There are many salmonella serotypes; about 2000 have been described. In the 1930s, a convention was established that each new one would be named after the place at which it was first isolated. The name means nothing more than that, though the fact that one is named after my home town and another after its most desirable suburb – S. aberdeen and S. rubislaw – means that our bacteriologists must have been testing diarrhoea with enthusiasm over the years.

The Cadbury strain was S. montevideo, another rare serotype. Chocolate outbreak history repeated itself.

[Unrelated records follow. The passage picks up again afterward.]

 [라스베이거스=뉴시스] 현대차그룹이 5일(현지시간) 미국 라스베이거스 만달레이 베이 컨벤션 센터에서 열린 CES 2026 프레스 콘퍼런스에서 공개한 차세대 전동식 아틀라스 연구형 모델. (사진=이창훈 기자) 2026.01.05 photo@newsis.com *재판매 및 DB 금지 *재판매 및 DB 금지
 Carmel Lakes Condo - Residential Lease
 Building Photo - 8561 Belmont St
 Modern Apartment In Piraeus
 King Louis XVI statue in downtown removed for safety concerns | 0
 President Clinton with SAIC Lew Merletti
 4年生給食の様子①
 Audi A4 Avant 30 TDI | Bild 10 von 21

A strain increases in incidence and so draws attention to itself; when sufferers are questioned, it turns out that the same chocolate was eaten by nearly all of them; the bacterium is then found in the chocolate. That it is identical to the bacteria in the stools of sufferers is proved beyond reasonable doubt by DNA fingerprinting, and the outbreak stops when the chocolate is recalled. S. montevideo was Cadbury’s bad luck. If the strain that dripped into the chocolate crumb from a leaking waste pipe had been a common one, like S. enteritidis, which infects thousands every year in Britain, the forty or so extra cases would almost certainly not have drawn any special attention.

S. enteritidis caused the resignation of Edwina Currie from the Tory government in 1988 when she said ‘most of the egg production in this country, sadly, is now infected with salmonella.’ She was right. A pandemic was in progress. In 1981 there were 395 human infections in England and Wales. In the year she spoke there were 12,522. S. enteritidis does well in the reproductive tract of the chicken. That is why it can occur inside eggs. But like all other salmonellas, it is happiest in the intestine. Any food that can be contaminated with faeces can be a vector. The most notorious British outbreak in recent times was caused by another common serotype, S. typhimurium: 451 patients and staff fell ill at Stanley Royd Hospital in 1984; 19 elderly patients died.

So, salmonella can kill. The young and the old are more at risk: they eat more chocolate. The number of bacteria found in chocolate implicated in outbreaks has been tiny, usually about two per gram. Its presence indicates contamination with bowel contents. Cadbury’s decision to let them go forward in their products was wrong. Even stranger was its failure to have a Hazard Analysis and Critical Control Point system to deliver safer chocolate. HACCP systems analyse risks in ingredients, processes and final foods, identify risk controls and corrective actions for when things go wrong and establish record-keeping and verification procedures. HACCP was developed by Nasa, the Pillsbury food company and the US Army Natick Laboratory in the 1960s (the mere idea of diarrhoea and vomiting in zero gravity was unacceptable). It has been the best spin-off from the space programme, by far. It works. Every food safety authority in the world promulgates it; the United Nations Codex Alimentarius Commission has codified it; it is enshrined as a central component of European Food Law. To develop one would have cost Cadbury thousands. But not having one has cost the company a £1 million fine, the £30 million it lost by recalling its product, and untold damage to its brand.